しょうがないと思った……イジメは過去に何回もあったけれど、その処分は重い物ばかりだった。
しかし、私のお父様は権力によって……拡散を防ぎ、噂自体を押さえ込んでいたから、重い処分すら無い。
「はぁ……私はこれからどうすればいいのかしら」
口に出したく無くても、出てしまった。
ここから先、この学園ともこの国と関係無い場所に飛ばされるのだから、お別れを取り巻き達に言わないと行けないし。
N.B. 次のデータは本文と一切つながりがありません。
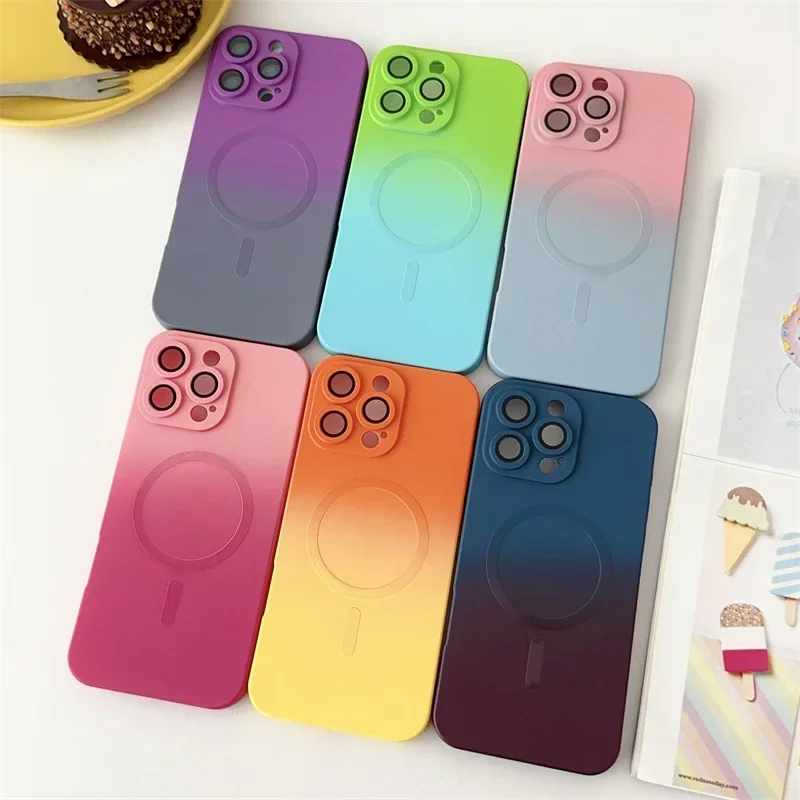 เคสซิลิโคนนิ่มแบบไล่สีสำหรับชา - Gradient Color Case บทวิจารณ์และราคา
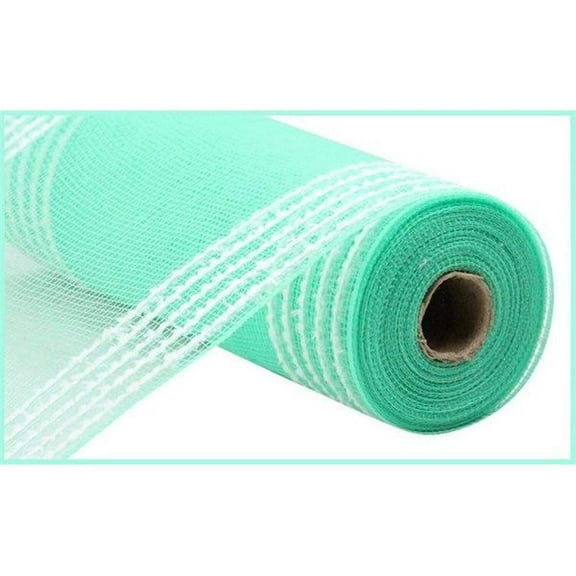 10.25" Drift Border Mesh Ribbon: Mint Green (10 Yards)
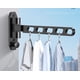 thumbnail image 3 of Tendedero Barra telescópica montada en la pared, tendedero plegable, diseño fácil de instalar, utilizado en lavadero, baño y dormitorio con balcón interior/exterior, sin perforaciones brillar Electrónica, 3 of 5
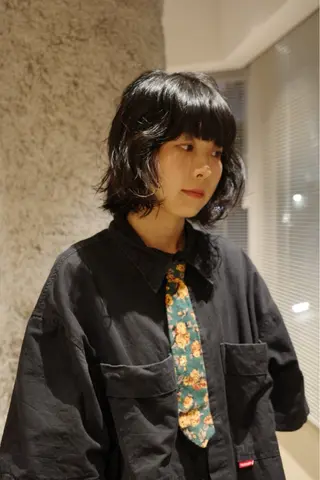 パーマ 未 来カットモデル無料のヘアスタイル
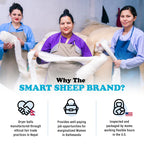 Wool Dryer Balls - Smart Sheep 6-Pack - XL Premium Natural Fabric Softener Award-Winning - Wool Balls Replaces Dryer Sheets - Wool Balls for Dryer - Laundry Balls for Dryer, 6 Count (Pack of 1)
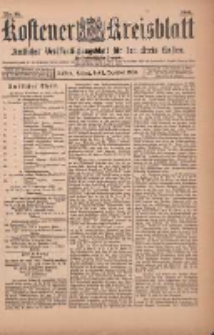 Kostener Kreisblatt: amtliches Veröffentlichungsblatt für den Kreis Kosten 1900.12.07 Jg.35 Nr98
少しの間だとはいえ、同じ人を好きになった人……ライバルにも言わないといけないわね。
「ネリアさん、おはようございます」
「えぇバーラルさん、ごきげんよう」
学園の裏側にある……ある人との秘密の場所に向かうと、挨拶される。
そう、横に並んできたのはバーラルさん……仲が悪いと言われているけれど、全然そんな事はない。
むしろ、互いの刺激になるような間柄で……テストや実技の授業で私が一方的に勝負を吹っかけてるだけで、仲が悪いように周りが勘違いしただけ。
だから彼女の気持ちも知っているし、私がそれでも構わないと思ったのはそんな理由。
「ネメリオさんから、婚約の約束を言われちゃった!」
「良かったですわね……私は負けちゃったわ」
「ネリアさん、勝負では勝ちましたけど、テストでは今度こそ勝ちます!」
あぁ……本当に、彼女は知らないだと思った。
あの祝いの場は、貴族の集まる場所であったしバーラルさんもいてもおかしくは無かったのだけど。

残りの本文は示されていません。